My worst demo

Slashdot has a thread on What Was Your Worst Computer Accident?. I have had a few disasters myself – but my real trial by fire came in 1986, in front of 250 of my colleagues.
I was 25 years old, recently graduated, and working in the IT department of the Norwegian School of Management, where I had also been a student. The school’s president had decided to haul the institution, kicking and screaming, into the modern world of computers and electronic communication – so we had installed PROFS, an IBM email and calendaring system, on our mainframe computer (a 4381 running VM/CMS, in case you’re interested.)
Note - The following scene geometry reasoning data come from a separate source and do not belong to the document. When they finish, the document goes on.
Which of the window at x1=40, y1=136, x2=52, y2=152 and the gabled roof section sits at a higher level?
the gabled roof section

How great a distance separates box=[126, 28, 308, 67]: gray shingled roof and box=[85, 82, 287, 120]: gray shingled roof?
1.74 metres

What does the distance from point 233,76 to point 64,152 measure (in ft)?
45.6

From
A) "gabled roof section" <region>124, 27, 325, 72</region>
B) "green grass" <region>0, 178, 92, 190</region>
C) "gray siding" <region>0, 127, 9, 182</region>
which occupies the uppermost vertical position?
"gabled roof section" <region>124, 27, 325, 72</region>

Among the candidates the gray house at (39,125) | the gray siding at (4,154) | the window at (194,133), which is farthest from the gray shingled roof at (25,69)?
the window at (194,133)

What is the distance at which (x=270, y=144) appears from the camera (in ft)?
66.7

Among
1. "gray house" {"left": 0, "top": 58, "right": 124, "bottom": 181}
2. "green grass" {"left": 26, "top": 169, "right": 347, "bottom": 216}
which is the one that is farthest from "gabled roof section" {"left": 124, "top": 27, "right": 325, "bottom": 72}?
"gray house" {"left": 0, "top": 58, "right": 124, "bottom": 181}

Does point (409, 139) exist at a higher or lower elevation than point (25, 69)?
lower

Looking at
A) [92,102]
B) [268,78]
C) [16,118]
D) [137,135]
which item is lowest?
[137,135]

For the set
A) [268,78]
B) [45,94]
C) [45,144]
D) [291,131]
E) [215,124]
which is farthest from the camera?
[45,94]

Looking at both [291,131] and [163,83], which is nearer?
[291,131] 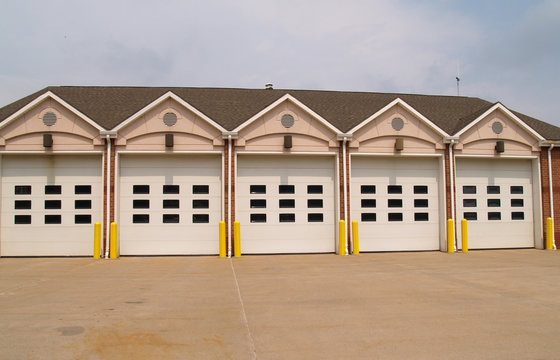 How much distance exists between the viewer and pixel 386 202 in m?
16.4

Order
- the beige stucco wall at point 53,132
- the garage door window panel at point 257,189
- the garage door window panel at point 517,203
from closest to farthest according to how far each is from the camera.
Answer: the beige stucco wall at point 53,132
the garage door window panel at point 257,189
the garage door window panel at point 517,203

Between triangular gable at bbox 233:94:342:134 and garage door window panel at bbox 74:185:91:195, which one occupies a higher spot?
triangular gable at bbox 233:94:342:134

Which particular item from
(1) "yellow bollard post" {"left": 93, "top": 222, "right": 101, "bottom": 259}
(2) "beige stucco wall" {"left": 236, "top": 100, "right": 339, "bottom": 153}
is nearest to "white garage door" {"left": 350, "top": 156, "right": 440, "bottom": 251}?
(2) "beige stucco wall" {"left": 236, "top": 100, "right": 339, "bottom": 153}

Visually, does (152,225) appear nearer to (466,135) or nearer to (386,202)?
(386,202)

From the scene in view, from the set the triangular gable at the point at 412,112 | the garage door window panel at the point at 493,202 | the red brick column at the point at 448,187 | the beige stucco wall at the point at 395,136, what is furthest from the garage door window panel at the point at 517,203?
the triangular gable at the point at 412,112

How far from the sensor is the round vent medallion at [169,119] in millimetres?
15484

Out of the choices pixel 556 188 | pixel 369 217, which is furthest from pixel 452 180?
pixel 556 188

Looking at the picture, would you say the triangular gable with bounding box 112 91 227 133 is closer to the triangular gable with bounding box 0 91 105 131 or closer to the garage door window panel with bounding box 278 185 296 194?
the triangular gable with bounding box 0 91 105 131

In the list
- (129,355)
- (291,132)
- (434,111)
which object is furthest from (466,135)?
(129,355)

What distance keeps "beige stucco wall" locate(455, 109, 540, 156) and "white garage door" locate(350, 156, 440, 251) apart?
5.02 ft

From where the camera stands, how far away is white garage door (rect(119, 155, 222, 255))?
1534 centimetres

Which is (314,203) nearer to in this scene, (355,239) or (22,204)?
(355,239)

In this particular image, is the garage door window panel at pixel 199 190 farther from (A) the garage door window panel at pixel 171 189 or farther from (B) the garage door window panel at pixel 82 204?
(B) the garage door window panel at pixel 82 204

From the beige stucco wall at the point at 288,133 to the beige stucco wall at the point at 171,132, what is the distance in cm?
123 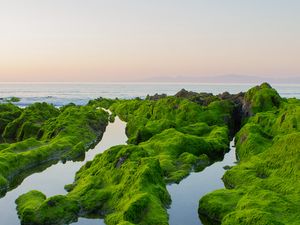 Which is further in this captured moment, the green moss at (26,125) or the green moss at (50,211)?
the green moss at (26,125)

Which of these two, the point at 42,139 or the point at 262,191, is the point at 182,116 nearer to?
the point at 42,139

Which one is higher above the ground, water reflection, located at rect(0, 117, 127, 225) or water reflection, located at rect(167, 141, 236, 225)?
water reflection, located at rect(167, 141, 236, 225)

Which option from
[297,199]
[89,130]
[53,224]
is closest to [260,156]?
[297,199]

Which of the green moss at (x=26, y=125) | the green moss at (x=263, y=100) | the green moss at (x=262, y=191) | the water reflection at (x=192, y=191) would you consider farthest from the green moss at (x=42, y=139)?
the green moss at (x=263, y=100)

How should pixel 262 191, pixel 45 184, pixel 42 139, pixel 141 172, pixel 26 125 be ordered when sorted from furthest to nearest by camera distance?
pixel 26 125 → pixel 42 139 → pixel 45 184 → pixel 141 172 → pixel 262 191

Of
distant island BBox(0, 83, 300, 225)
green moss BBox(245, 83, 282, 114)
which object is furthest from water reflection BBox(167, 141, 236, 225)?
green moss BBox(245, 83, 282, 114)

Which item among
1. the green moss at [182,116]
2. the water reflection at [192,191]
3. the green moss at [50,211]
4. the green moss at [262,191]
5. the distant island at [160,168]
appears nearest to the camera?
the green moss at [262,191]

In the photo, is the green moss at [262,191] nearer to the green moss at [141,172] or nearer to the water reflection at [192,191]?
the water reflection at [192,191]

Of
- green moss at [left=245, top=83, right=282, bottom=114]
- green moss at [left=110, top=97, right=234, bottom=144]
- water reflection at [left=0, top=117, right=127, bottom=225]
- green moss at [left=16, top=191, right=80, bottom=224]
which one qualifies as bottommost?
water reflection at [left=0, top=117, right=127, bottom=225]

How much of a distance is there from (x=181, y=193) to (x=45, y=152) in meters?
21.5

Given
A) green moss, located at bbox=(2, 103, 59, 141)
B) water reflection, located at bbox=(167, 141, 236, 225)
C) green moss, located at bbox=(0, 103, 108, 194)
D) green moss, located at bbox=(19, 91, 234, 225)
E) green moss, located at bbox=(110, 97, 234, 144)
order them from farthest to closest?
1. green moss, located at bbox=(2, 103, 59, 141)
2. green moss, located at bbox=(110, 97, 234, 144)
3. green moss, located at bbox=(0, 103, 108, 194)
4. water reflection, located at bbox=(167, 141, 236, 225)
5. green moss, located at bbox=(19, 91, 234, 225)

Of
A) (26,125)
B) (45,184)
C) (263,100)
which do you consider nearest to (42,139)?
(26,125)

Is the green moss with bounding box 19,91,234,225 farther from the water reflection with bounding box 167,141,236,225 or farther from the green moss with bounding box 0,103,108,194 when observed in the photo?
the green moss with bounding box 0,103,108,194

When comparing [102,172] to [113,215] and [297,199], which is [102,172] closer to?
[113,215] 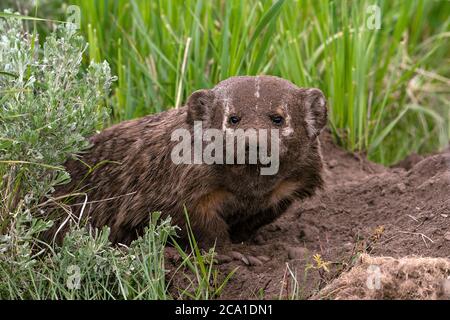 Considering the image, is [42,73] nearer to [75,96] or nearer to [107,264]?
[75,96]

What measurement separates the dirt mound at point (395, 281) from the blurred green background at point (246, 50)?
5.58 feet

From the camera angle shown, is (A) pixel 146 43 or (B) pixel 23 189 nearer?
(B) pixel 23 189

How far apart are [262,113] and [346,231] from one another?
2.80ft

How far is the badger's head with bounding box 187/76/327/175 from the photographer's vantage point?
353cm

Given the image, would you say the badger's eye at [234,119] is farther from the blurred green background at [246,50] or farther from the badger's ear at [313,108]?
the blurred green background at [246,50]

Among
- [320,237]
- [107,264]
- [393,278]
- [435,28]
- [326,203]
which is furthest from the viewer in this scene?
[435,28]

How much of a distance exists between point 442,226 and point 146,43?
82.5 inches

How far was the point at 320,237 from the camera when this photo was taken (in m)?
4.07

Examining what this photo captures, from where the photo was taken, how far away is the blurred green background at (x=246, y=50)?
4727 mm

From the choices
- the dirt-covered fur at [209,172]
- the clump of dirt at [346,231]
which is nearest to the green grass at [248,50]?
the clump of dirt at [346,231]

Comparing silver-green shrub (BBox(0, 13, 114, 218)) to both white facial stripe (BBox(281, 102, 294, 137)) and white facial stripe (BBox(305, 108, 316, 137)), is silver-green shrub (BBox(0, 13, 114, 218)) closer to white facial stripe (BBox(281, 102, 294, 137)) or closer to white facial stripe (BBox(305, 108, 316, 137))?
white facial stripe (BBox(281, 102, 294, 137))

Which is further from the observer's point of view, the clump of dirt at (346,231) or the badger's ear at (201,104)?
the badger's ear at (201,104) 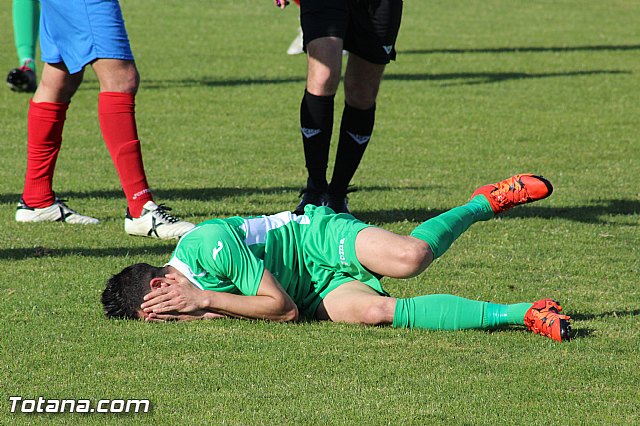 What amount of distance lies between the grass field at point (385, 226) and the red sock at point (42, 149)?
0.26 metres

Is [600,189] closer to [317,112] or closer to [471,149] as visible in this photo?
[471,149]

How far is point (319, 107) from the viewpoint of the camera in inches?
261

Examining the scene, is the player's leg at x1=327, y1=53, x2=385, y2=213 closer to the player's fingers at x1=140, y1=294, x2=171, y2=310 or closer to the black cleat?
the black cleat

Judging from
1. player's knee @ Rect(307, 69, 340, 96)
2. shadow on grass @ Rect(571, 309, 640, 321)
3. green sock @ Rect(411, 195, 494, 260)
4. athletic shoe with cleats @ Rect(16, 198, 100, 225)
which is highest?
player's knee @ Rect(307, 69, 340, 96)

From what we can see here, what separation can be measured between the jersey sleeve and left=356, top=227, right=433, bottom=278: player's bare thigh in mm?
435

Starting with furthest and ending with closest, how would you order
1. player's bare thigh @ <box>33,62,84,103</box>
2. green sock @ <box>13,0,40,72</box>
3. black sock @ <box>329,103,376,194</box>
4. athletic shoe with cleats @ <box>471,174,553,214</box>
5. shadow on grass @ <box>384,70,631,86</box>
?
1. shadow on grass @ <box>384,70,631,86</box>
2. green sock @ <box>13,0,40,72</box>
3. player's bare thigh @ <box>33,62,84,103</box>
4. black sock @ <box>329,103,376,194</box>
5. athletic shoe with cleats @ <box>471,174,553,214</box>

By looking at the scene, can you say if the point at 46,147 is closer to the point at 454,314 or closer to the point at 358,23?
the point at 358,23

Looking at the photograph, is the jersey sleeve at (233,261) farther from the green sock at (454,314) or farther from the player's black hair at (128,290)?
the green sock at (454,314)

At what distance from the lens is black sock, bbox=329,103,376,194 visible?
6977 millimetres

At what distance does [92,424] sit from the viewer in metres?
3.73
We then arranged an end-of-semester all-employee meeting in the grand auditorium, with 250 of the faculty and administration – colleagues and former professors of mine. My task was to convince this rather skeptical audience that email was the wave of the future, demonstrate how easy it was to use and how it would simplify your life. We had rigged an unpredictable and expensive projector, and I demonstrated how to log in, how to start PROFS, how to enter appointments into your calendar, and for the grand finale: How to arrange a meeting. I selected seven people (IT department colleagues with updated calendars) and a meeting room, asked the system to find a suitable time over the next ten days, picked one of the available times, wrote a short invitation, and pressed the F12 button to send the invitation and book the meeting.
The screen went blank, then a CP message (from deep in the bowels of the system) with incomprehensible error codes appeared. Our system programmer, who was sitting in the back of the auditorium, turned white, stood up and ran out of the room. And there was no response from the machine.
It turned out that I had found an undocumented error in PROFS – when choosing 7 people, for 10 days ahead (and some other conditions I don’t remember), PROFS would crash your virtual machine, in a way that had to be recovered from the system console. (This, incidentally, was very hard to do – VM/CMS was extraordinarily stable.)
Of course, I had to do this in front of all my colleagues.
We somehow recuperated, and PROFS became, over the next 2-3 years, a common tool (though, given its poor interface, nothing like the email we have today.) I have since had many instances of the “demo effect” (things breaking when you demo them), but this was the first major one. It inoculated me against technical embarrassment – things just can’t get much worse that bombing in front of the whole company.